_INFORMATION SUPPLIED:_

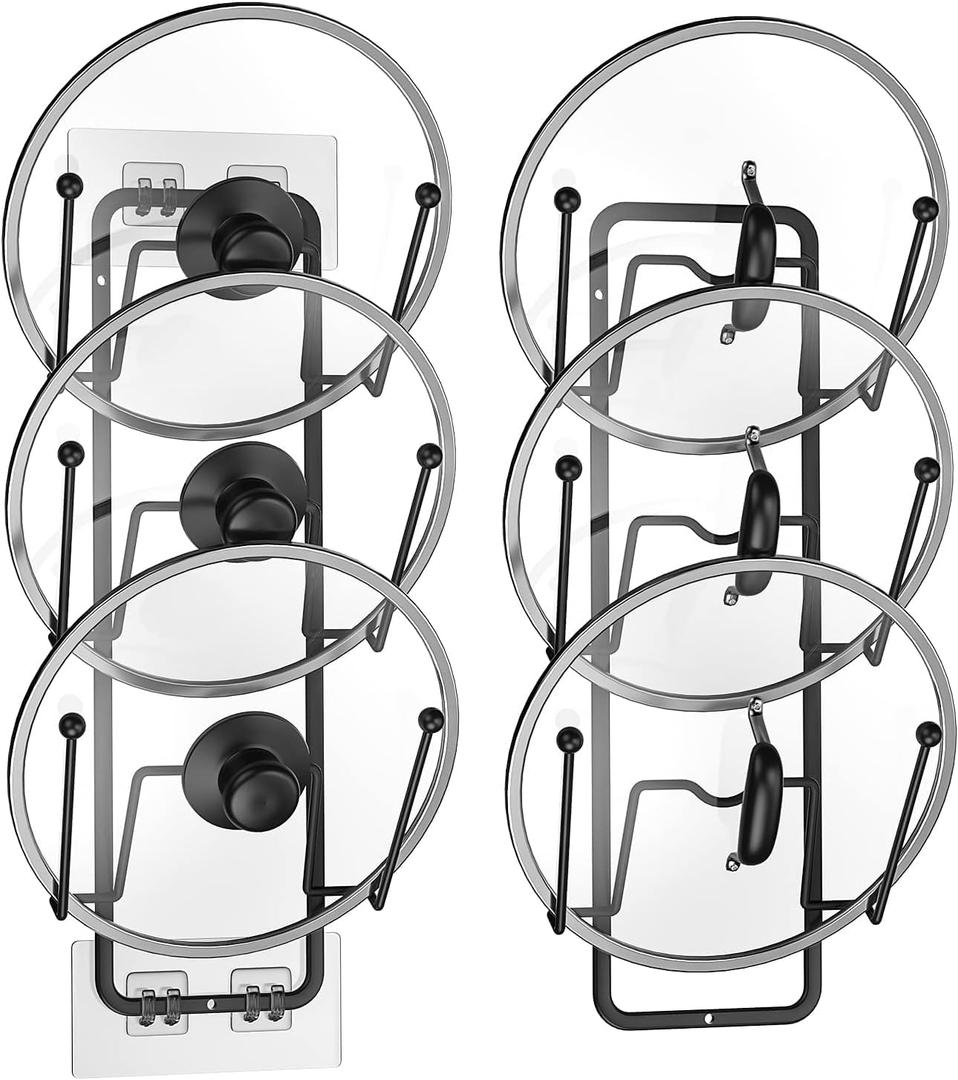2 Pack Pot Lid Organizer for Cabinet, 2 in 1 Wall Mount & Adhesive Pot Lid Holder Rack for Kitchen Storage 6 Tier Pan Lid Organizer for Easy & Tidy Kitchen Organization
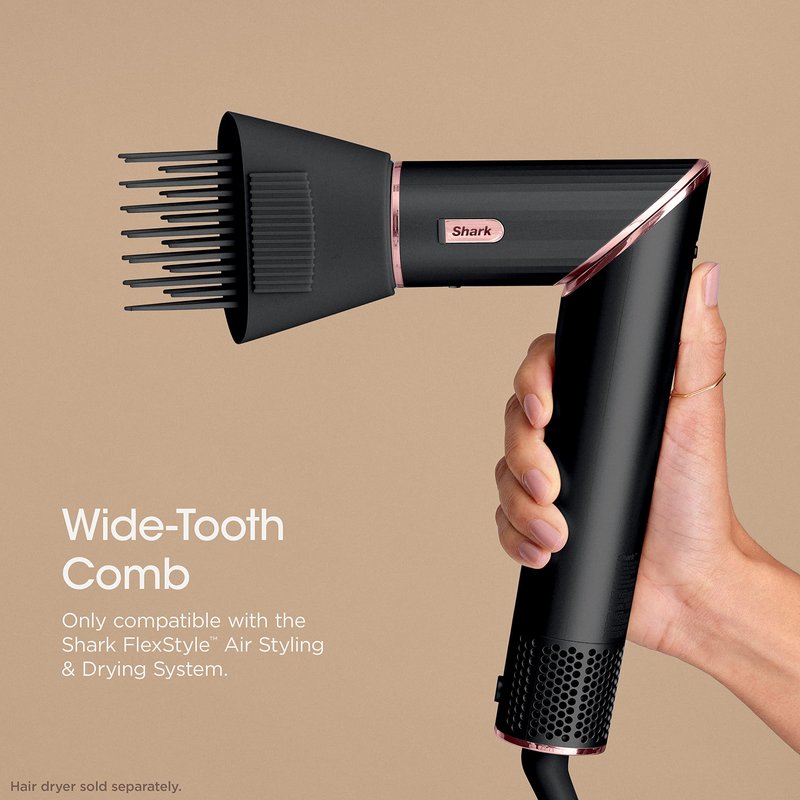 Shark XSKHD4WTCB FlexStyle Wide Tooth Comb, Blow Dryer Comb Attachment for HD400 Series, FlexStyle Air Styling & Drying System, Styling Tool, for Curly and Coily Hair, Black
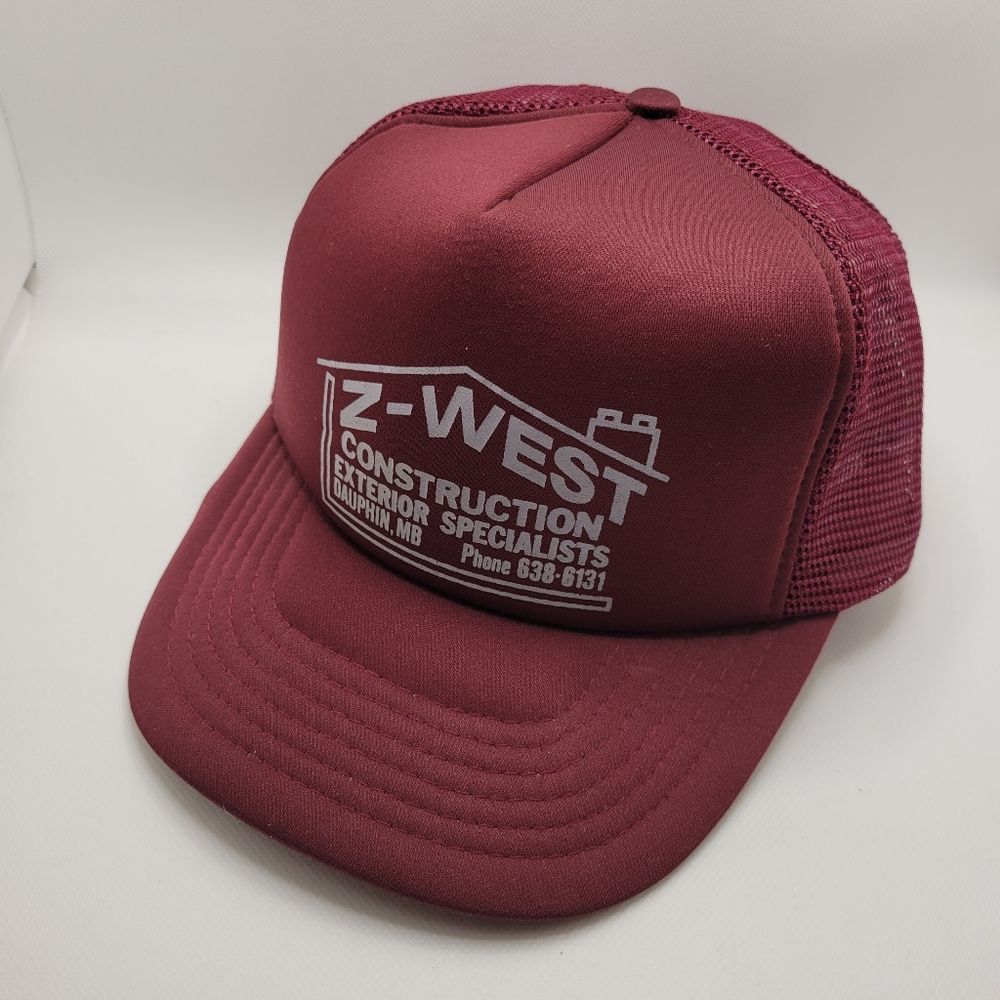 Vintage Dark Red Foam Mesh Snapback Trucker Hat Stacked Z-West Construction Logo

_PROMPT:_ Repeat, exactly and in full, each line from the start of the data to the line that contains "Shark XSKHD4WTCB FlexStyle". Pictures do not go in.

_SOLUTION FOR THIS EXERCISE:_
2 Pack Pot Lid Organizer for Cabinet, 2 in 1 Wall Mount & Adhesive Pot Lid Holder Rack for Kitchen Storage 6 Tier Pan Lid Organizer for Easy & Tidy Kitchen Organization
 Shark XSKHD4WTCB FlexStyle Wide Tooth Comb, Blow Dryer Comb Attachment for HD400 Series, FlexStyle Air Styling & Drying System, Styling Tool, for Curly and Coily Hair, Black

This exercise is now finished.